= Your objective =
Which lines of the entries below run from the one holding "Honda CR-V Hybrid Vehicle Image 8" to the one holding "BRAND NEW tan dippin daises bikini", inclusive? Set down exactly those lines and no others.

[Opening Study material section]

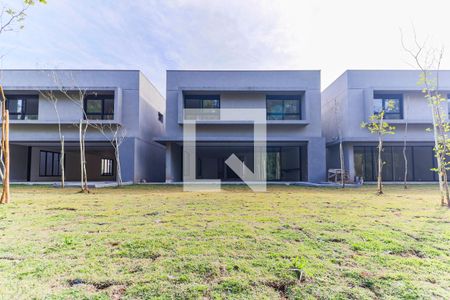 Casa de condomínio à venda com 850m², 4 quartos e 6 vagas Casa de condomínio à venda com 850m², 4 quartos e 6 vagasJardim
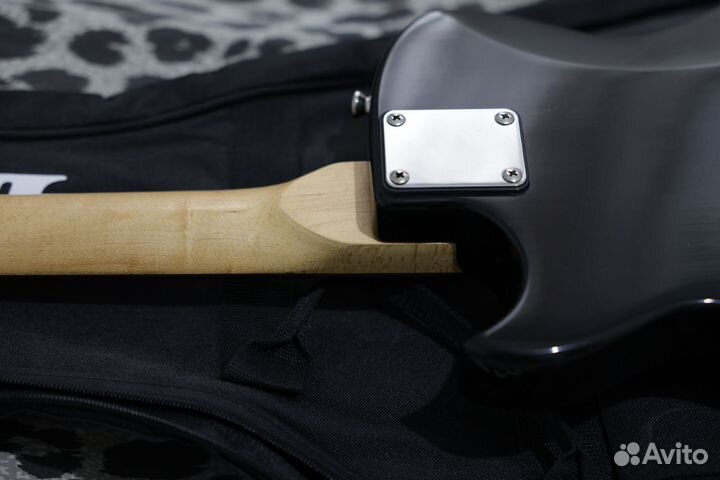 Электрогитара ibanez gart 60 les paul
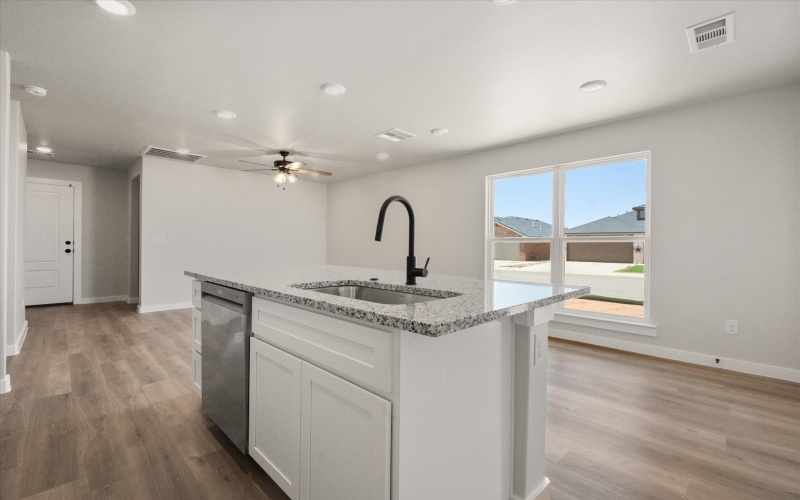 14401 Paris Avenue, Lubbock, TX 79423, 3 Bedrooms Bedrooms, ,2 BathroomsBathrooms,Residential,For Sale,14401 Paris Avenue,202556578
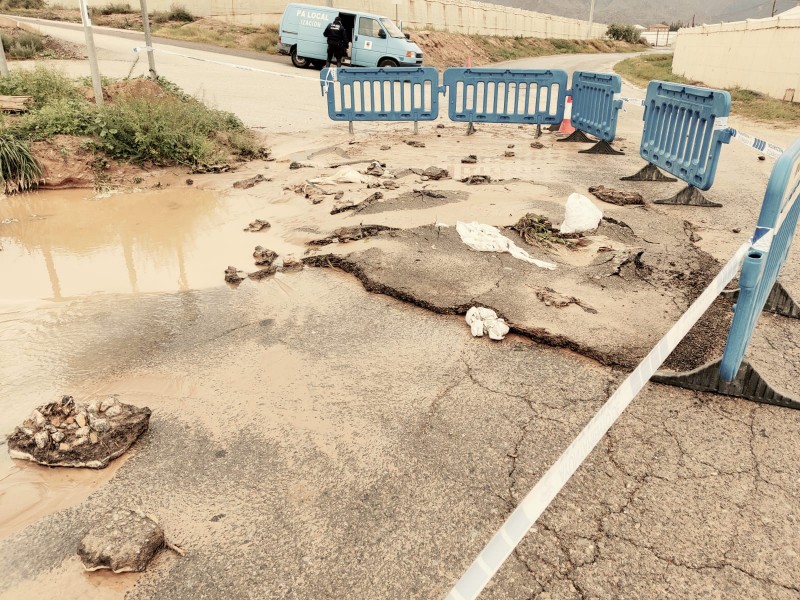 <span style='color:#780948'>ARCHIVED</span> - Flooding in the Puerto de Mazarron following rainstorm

[Closing Study material section]
[Opening Study material section]

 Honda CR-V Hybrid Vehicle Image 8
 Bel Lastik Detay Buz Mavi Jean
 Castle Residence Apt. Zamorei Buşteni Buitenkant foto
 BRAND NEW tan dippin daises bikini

[Closing Study material section]

= Exercise output =
 Honda CR-V Hybrid Vehicle Image 8
 Bel Lastik Detay Buz Mavi Jean
 Castle Residence Apt. Zamorei Buşteni Buitenkant foto
 BRAND NEW tan dippin daises bikini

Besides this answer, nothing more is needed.